Cc: Linux Memory Management <linux-mm@kvack.org>
Cc: Linux Filesystems <linux-fsdevel@vger.kernel.org>
Signed-off-by: Nick Piggin <npiggin@suse.de>
mm/filemap.c | 36 +++++--------------
mm/filemap.h | 104 +++++++++++++++++++++++++++----------------------------
mm/filemap_xip.c | 17 +++-----
3 files changed, 69 insertions(+), 88 deletions(-)
Index: linux-2.6/mm/filemap.h
===================================================================
--- linux-2.6.orig/mm/filemap.h
+++ linux-2.6/mm/filemap.h
@@ -22,82 +22,82 @@ __filemap_copy_from_user_iovec_inatomic(
/*
* Copy as much as we can into the page and return the number of bytes which
- * were sucessfully copied. If a fault is encountered then clear the page
- * out to (offset+bytes) and return the number of bytes which were copied.
- *
- * NOTE: For this to work reliably we really want copy_from_user_inatomic_nocache
- * to *NOT* zero any tail of the buffer that it failed to copy. If it does,
- * and if the following non-atomic copy succeeds, then there is a small window
- * where the target page contains neither the data before the write, nor the
- * data after the write (it contains zero). A read at this time will see
- * data that is inconsistent with any ordering of the read and the write.
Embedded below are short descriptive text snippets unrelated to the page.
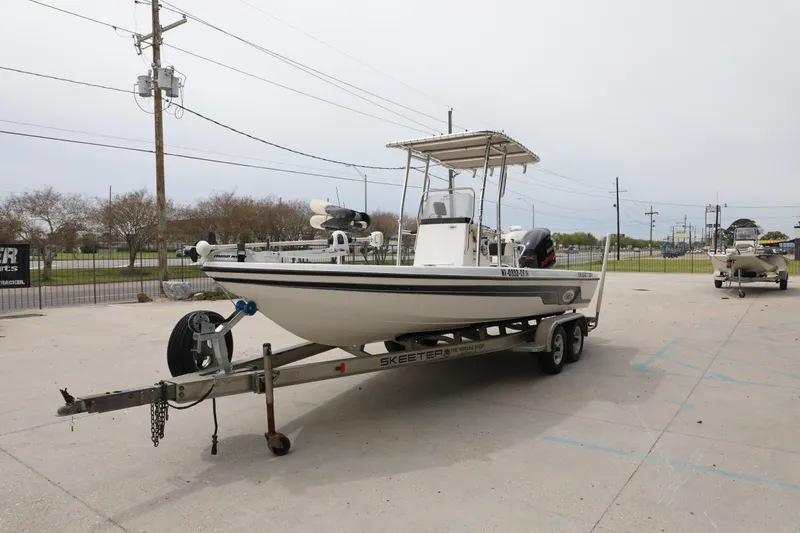 Slide: The Image of 2006 Skeeter ZX22 Bay T boat on trailer in outdoor setting. - 7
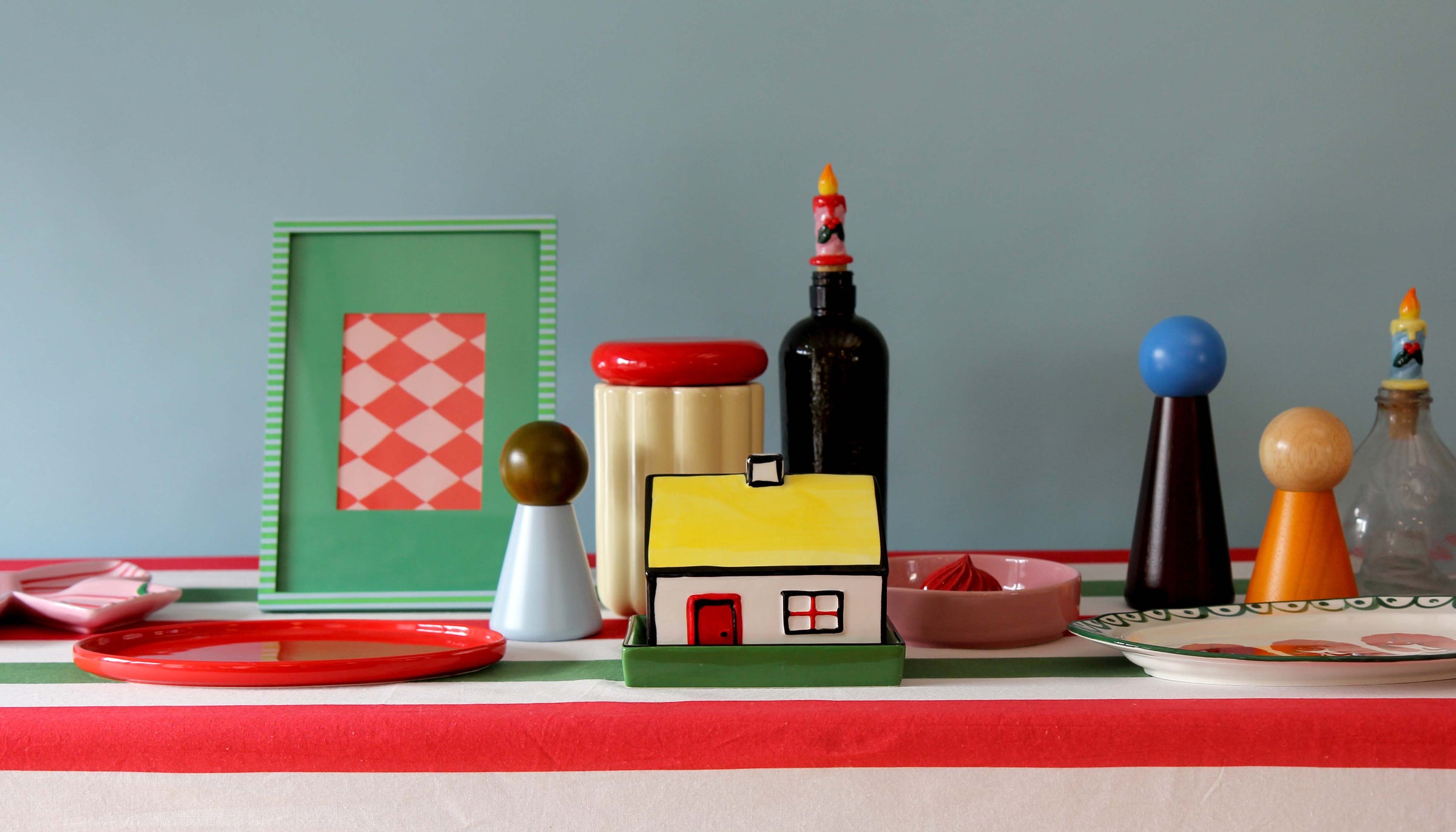 Colorful table setting with decorative items on a red tablecloth against a gray wall.
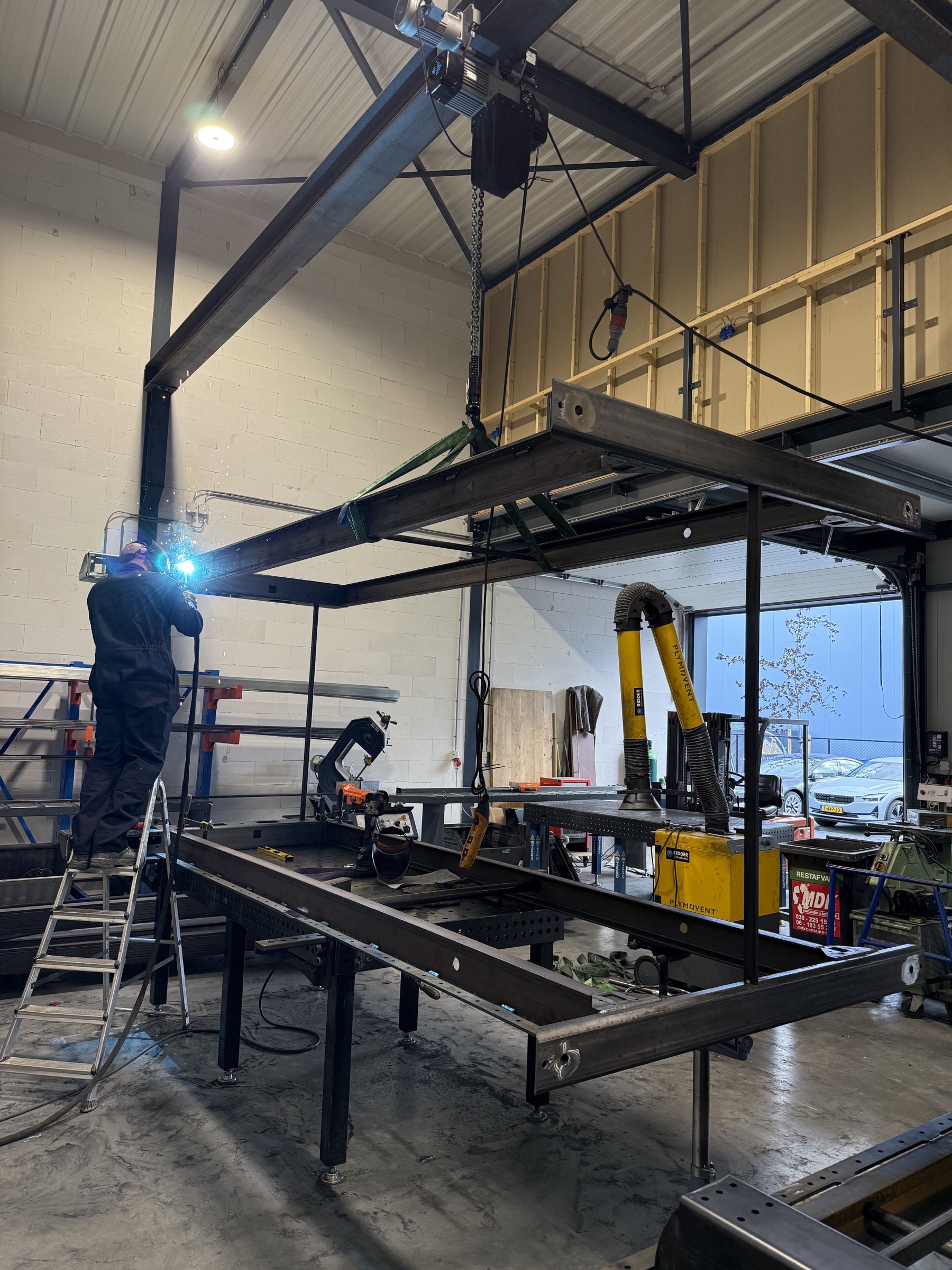 Lassen aan een zware stalen constructie in de werkplaats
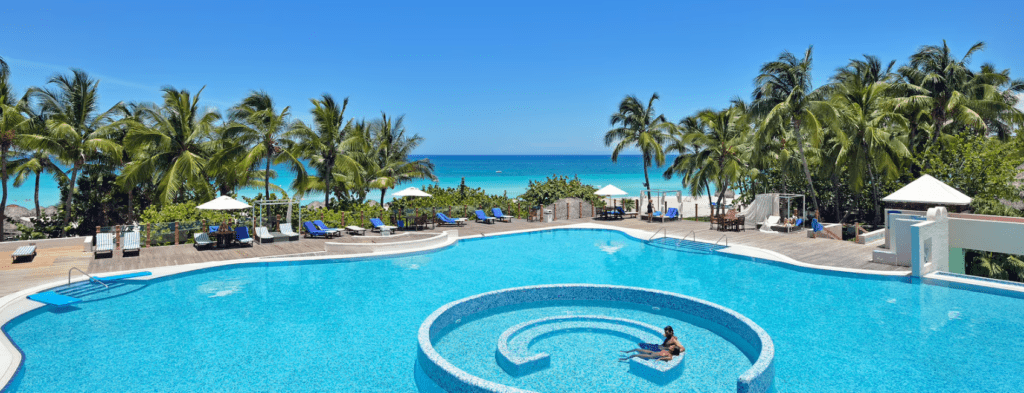 Couple swimming in resort pool by the beach.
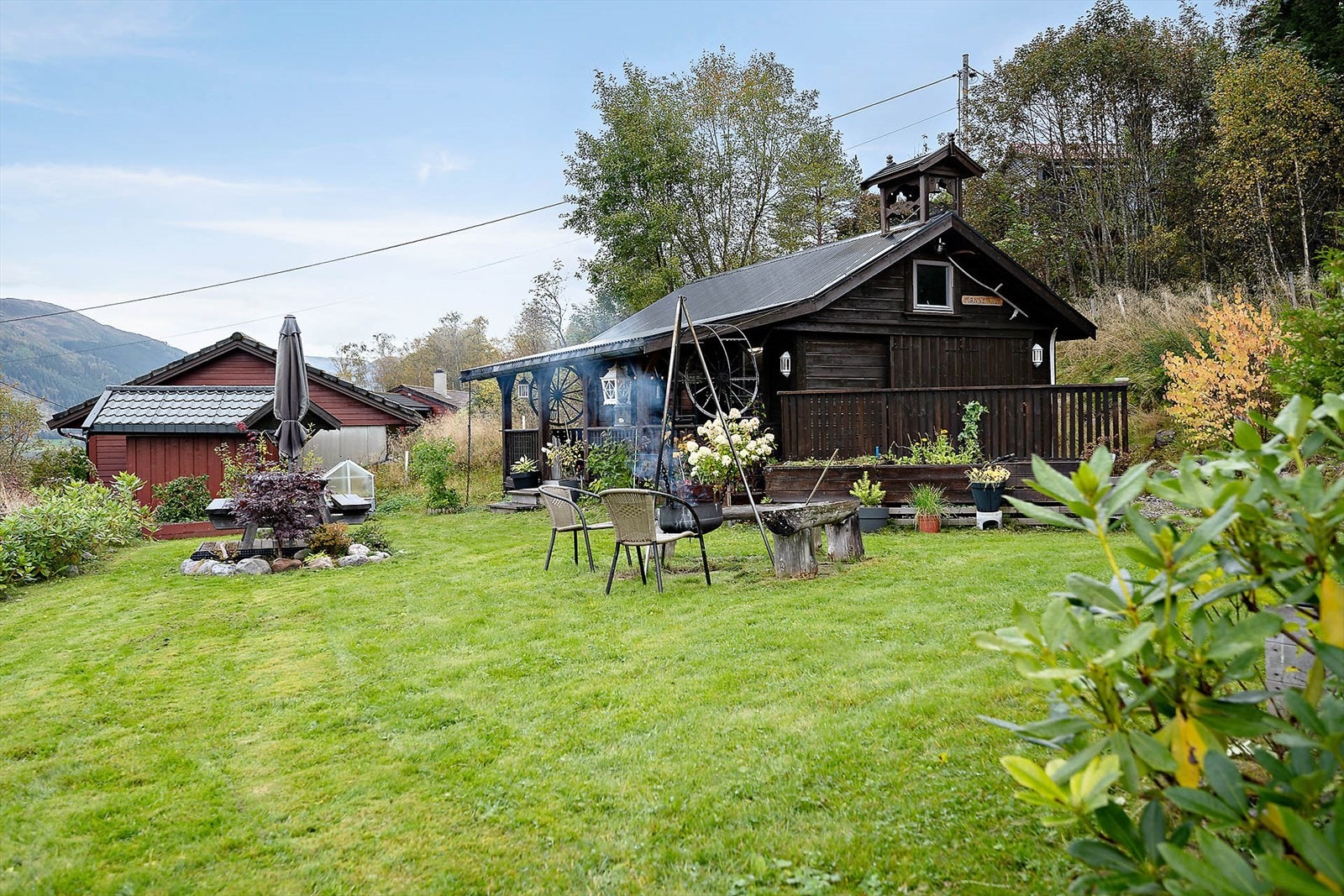 Hytten ligger på en høyde i nordvestvendt terreng med utsikt til Jølstravatnet og fjellene rundt. Galleribilde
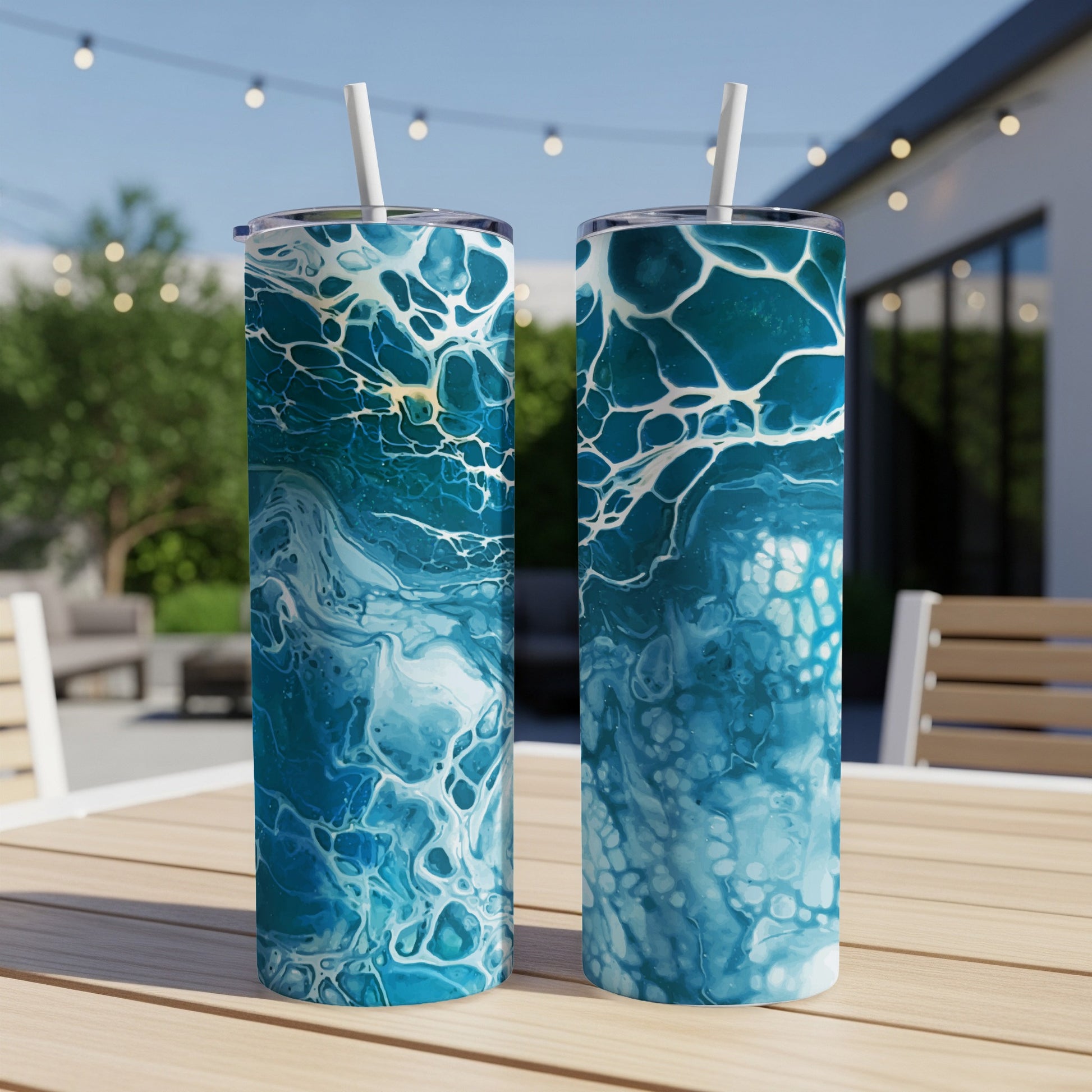 Two tumblers with a blue and white fluid art pattern, on a table outdoors.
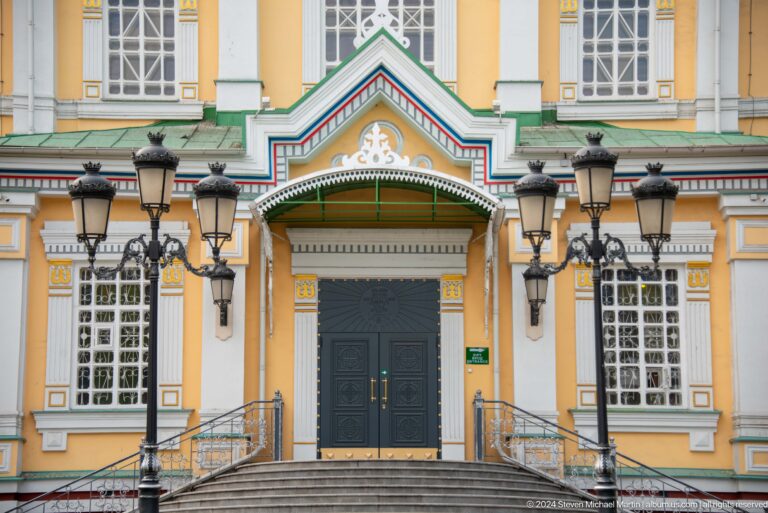 Green side door beneath decorative porch at the colorful wooden Zenkov Cathedral in Almaty.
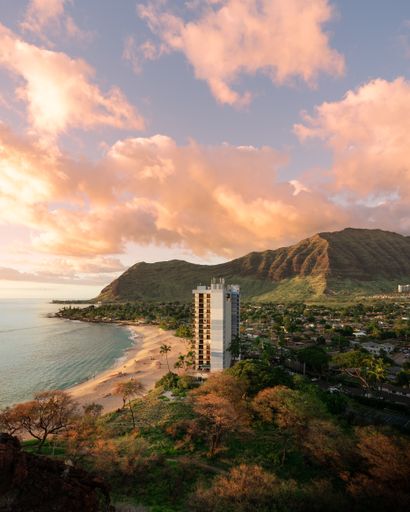 A vertical shot of an apartment on the beach shore under a beautiful sky - great for a background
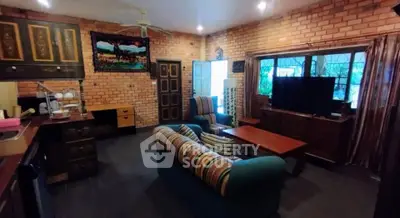 Charming rustic living room with exposed brick walls and cozy seating area.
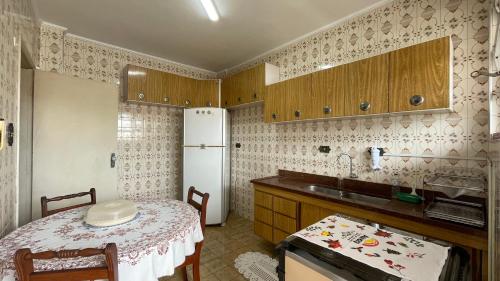 eine Küche mit einem Tisch und einem weißen Kühlschrank in der Unterkunft Desativado in São Vicente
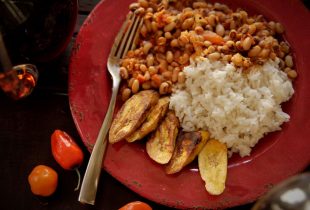 a plate of African red red with a side of rice and potato slices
- * (This has been detected in practice).
+ * were sucessfully copied. If a fault is encountered then return the number of
+ * bytes which were copied.
*/
static inline size_t
-filemap_copy_from_user(struct page *page, unsigned long offset,
- const char __user *buf, unsigned bytes)
+filemap_copy_from_user_atomic(struct page *page, unsigned long offset,
+ const struct iovec *iov, unsigned long nr_segs,
+ size_t base, size_t bytes)
{
char *kaddr;
- int left;
+ size_t copied;
kaddr = kmap_atomic(page, KM_USER0);
- left = __copy_from_user_inatomic_nocache(kaddr + offset, buf, bytes);
+ if (likely(nr_segs == 1)) {
+ int left;
+ char __user *buf = iov->iov_base + base;
+ left = __copy_from_user_inatomic_nocache(kaddr + offset,
+ buf, bytes);
+ copied = bytes - left;
+ } else {
+ copied = __filemap_copy_from_user_iovec_inatomic(kaddr + offset,
+ iov, base, bytes);
+ }
kunmap_atomic(kaddr, KM_USER0);
- if (left != 0) {
- /* Do it the slow way */
- kaddr = kmap(page);
- left = __copy_from_user_nocache(kaddr + offset, buf, bytes);
- kunmap(page);
- }
- return bytes - left;
+ return copied;
}
/*
- * This has the same sideeffects and return value as filemap_copy_from_user().
- * The difference is that on a fault we need to memset the remainder of the
- * page (out to offset+bytes), to emulate filemap_copy_from_user()'s
- * single-segment behaviour.
+ * This has the same sideeffects and return value as
+ * filemap_copy_from_user_atomic().
+ * The difference is that it attempts to resolve faults.
*/
static inline size_t
-filemap_copy_from_user_iovec(struct page *page, unsigned long offset,
- const struct iovec *iov, size_t base, size_t bytes)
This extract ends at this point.